A la visión utópica se contrapone la visión distópica, que entraña la creencia contraria, es decir, la convicción de que la humanidad sufre sin remedio un empeoramiento progresivo de las condiciones en las que vive. Esta visión general de la realidad es la propia de las personas depresivas, quienes únicamente son capaces de ver un mundo que desean pero que nunca será, desgarradas en su interior por una esperanza vaciada de toda virtualidad. Todo distopista fue anteriormente un utopista.

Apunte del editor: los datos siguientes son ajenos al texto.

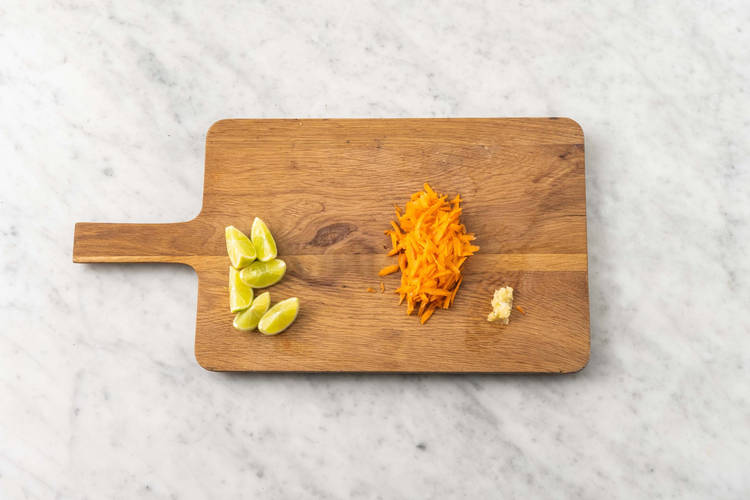 Forbered grønnsaker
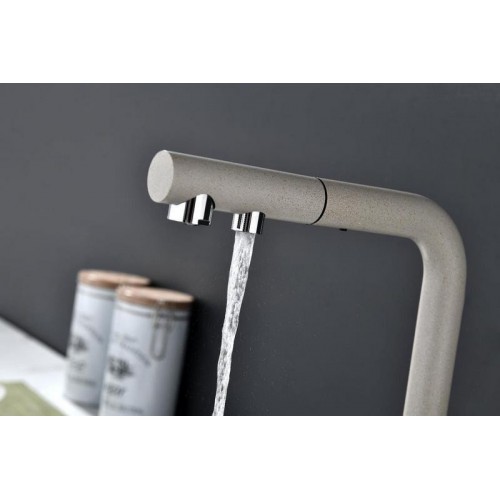 Смеситель Paulmark Serpentine Se213222-BE (бежевый)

Por otro lado, la visión realista (mal considerada pesimista) significa deshacerse de todas las preferencias personales del querer en el esfuerzo por comprender la realidad, sin creer en que todo cambio haya de tender necesariamente hacia una mejora respecto del estado anterior, ni tampoco hacia un empeoramiento. La persona realista no se niega la realidad presente que contraviene sus deseos, simplemente la reconoce como parte del mundo en el que vive. Para él la fe, la esperanza en un más allá mejor y más placentero que el presente, supone una imposibilidad para ver más allá de lo que se quiere, que dejaría viciada toda interpretación que se hiciera sobre la realidad. Realista es quien tiene la certeza de que una felicidad absoluta no podrá advenir nunca, pues comprende que toda felicidad es relativa, al igual que todas las demás emociones. Por ello, quien es realista prescinde de la fe y, en la medida de lo posible, de la esperanza, y tratará de conocer sus propios instintos desprendiéndose de todo condicionamiento previo. Comúnmente distinguirá entre la realidad interior y la exterior, no como realidades separadas, sino como partes de una misma realidad que merecen un acercamiento distinto para su comprensión. Entre sus premisas principales se encuentra la inevitable comisión de errores en su entendimiento, que progresivamente tratará de averiguar y corregir a medida que avanza en su comprensión del mundo.